A line belongs in the answer if it contains "water"; copy every such line from the entries below.

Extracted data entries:
——————

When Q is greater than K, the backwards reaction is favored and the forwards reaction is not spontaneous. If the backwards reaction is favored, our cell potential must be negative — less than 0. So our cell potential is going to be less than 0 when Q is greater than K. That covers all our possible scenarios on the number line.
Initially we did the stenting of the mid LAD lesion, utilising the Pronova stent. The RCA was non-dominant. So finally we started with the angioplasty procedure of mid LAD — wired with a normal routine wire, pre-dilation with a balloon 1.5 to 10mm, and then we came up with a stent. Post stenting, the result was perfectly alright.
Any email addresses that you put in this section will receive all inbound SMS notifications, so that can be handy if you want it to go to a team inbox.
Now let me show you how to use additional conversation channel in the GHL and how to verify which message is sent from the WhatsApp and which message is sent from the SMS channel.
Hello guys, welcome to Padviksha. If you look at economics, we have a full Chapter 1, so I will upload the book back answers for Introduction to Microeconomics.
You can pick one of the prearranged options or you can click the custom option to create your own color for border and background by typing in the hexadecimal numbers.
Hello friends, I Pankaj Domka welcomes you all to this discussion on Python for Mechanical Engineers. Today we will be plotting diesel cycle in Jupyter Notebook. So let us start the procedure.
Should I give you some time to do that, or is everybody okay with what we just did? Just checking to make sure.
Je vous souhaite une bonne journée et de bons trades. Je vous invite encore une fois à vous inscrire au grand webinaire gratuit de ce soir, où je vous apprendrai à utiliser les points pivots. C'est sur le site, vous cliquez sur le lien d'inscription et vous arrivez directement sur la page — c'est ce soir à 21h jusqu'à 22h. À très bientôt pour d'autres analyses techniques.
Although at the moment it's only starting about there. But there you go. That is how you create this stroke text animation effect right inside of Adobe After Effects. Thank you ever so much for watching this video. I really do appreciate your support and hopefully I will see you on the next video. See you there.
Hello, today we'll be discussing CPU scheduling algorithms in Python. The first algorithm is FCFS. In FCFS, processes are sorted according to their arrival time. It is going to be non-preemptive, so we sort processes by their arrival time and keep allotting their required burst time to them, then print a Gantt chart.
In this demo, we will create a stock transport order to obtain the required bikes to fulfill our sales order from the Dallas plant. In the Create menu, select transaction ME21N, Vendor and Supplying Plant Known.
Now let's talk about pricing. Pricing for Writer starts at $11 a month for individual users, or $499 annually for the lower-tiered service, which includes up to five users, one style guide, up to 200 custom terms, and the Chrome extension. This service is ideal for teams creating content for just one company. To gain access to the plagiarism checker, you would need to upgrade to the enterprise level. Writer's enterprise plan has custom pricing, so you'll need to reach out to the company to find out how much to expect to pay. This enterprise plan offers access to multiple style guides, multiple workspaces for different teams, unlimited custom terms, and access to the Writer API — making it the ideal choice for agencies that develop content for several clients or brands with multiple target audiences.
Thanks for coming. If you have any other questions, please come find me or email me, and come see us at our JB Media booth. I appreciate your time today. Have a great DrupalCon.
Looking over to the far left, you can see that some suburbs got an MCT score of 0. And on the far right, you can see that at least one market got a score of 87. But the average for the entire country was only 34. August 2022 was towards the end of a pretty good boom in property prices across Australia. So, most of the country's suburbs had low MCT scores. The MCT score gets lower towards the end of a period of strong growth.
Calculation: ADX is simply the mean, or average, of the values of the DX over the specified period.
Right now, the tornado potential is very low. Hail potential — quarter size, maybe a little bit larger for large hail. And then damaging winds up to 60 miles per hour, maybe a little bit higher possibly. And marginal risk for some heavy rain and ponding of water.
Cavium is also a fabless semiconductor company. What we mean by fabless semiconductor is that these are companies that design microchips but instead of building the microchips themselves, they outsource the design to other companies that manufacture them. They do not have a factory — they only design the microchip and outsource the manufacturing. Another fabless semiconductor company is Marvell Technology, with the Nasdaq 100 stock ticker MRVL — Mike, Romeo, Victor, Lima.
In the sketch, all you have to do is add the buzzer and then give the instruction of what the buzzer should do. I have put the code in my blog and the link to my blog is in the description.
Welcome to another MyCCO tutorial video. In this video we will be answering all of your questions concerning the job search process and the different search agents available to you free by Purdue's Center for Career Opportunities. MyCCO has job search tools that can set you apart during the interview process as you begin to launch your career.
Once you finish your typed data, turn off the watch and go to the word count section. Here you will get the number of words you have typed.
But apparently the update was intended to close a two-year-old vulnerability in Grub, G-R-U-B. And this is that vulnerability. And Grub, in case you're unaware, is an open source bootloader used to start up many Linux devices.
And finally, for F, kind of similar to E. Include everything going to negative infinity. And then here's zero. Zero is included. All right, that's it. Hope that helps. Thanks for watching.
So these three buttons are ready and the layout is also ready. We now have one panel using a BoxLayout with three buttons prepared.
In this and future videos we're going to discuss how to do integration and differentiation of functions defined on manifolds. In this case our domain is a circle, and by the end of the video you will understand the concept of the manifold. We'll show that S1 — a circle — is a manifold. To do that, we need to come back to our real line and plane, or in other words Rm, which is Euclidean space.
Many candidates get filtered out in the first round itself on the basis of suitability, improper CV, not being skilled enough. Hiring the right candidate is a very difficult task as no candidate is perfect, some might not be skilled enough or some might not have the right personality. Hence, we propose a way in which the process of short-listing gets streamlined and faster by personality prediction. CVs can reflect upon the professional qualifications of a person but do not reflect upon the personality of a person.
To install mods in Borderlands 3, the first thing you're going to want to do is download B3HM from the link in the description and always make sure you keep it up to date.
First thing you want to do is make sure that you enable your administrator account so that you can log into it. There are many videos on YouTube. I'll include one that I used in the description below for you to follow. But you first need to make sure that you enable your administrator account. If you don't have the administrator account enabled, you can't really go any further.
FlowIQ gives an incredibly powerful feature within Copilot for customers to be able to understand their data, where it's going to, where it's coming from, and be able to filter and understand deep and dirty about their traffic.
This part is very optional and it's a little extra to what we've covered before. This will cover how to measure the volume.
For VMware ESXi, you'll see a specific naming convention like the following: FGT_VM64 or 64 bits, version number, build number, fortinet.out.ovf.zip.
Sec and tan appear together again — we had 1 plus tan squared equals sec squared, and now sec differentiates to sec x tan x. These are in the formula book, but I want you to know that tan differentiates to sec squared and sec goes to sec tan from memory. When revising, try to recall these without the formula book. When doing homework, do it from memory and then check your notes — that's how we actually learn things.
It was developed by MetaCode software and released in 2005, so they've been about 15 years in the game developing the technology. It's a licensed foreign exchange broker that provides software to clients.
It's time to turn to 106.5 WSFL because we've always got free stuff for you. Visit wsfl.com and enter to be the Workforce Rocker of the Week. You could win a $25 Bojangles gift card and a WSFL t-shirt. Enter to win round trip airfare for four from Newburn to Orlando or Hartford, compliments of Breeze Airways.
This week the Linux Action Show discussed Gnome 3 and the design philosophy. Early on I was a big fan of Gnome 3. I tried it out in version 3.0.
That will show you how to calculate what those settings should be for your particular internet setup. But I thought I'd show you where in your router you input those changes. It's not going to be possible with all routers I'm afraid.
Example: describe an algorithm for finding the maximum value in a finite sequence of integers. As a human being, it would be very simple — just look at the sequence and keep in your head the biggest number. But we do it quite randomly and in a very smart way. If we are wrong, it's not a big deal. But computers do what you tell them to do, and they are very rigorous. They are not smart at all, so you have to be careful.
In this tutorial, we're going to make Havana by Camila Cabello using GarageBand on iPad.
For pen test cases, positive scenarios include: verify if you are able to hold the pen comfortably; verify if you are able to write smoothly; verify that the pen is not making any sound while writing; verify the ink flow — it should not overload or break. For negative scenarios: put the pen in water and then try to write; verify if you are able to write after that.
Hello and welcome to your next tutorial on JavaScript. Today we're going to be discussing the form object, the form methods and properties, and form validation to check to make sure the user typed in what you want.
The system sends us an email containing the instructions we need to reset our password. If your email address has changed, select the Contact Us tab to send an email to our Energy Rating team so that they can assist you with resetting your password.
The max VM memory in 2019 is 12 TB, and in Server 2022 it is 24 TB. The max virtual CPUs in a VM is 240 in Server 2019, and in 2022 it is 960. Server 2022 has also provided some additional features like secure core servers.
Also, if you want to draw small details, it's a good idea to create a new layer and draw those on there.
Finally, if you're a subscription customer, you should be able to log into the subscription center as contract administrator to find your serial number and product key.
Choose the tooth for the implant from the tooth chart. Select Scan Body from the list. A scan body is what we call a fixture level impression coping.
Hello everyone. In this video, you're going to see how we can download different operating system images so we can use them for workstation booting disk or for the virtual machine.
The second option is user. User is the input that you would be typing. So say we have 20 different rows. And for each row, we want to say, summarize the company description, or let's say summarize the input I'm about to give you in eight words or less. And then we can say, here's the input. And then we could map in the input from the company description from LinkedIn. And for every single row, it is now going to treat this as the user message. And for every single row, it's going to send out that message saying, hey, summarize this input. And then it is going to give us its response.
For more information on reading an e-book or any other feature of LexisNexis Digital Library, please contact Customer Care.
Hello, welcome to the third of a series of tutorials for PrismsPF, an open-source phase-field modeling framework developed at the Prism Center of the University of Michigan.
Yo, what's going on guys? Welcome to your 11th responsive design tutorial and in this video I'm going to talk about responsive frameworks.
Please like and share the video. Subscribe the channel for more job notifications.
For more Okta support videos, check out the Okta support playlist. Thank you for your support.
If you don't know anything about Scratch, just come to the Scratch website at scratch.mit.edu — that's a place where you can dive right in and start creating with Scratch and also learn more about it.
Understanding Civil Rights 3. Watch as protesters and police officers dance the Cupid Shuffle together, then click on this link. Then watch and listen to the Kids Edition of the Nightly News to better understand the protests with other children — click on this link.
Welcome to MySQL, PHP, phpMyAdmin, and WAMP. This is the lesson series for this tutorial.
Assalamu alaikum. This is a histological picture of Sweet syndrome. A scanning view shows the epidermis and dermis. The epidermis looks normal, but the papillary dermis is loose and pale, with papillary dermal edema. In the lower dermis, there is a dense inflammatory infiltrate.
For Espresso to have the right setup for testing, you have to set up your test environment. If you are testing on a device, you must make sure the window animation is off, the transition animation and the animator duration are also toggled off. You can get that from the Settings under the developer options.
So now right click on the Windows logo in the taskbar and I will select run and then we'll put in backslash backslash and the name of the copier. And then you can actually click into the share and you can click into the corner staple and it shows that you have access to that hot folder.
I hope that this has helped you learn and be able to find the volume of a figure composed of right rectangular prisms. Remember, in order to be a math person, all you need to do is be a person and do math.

——————

RESPONSE BELOW:
Right now, the tornado potential is very low. Hail potential — quarter size, maybe a little bit larger for large hail. And then damaging winds up to 60 miles per hour, maybe a little bit higher possibly. And marginal risk for some heavy rain and ponding of water.
For pen test cases, positive scenarios include: verify if you are able to hold the pen comfortably; verify if you are able to write smoothly; verify that the pen is not making any sound while writing; verify the ink flow — it should not overload or break. For negative scenarios: put the pen in water and then try to write; verify if you are able to write after that.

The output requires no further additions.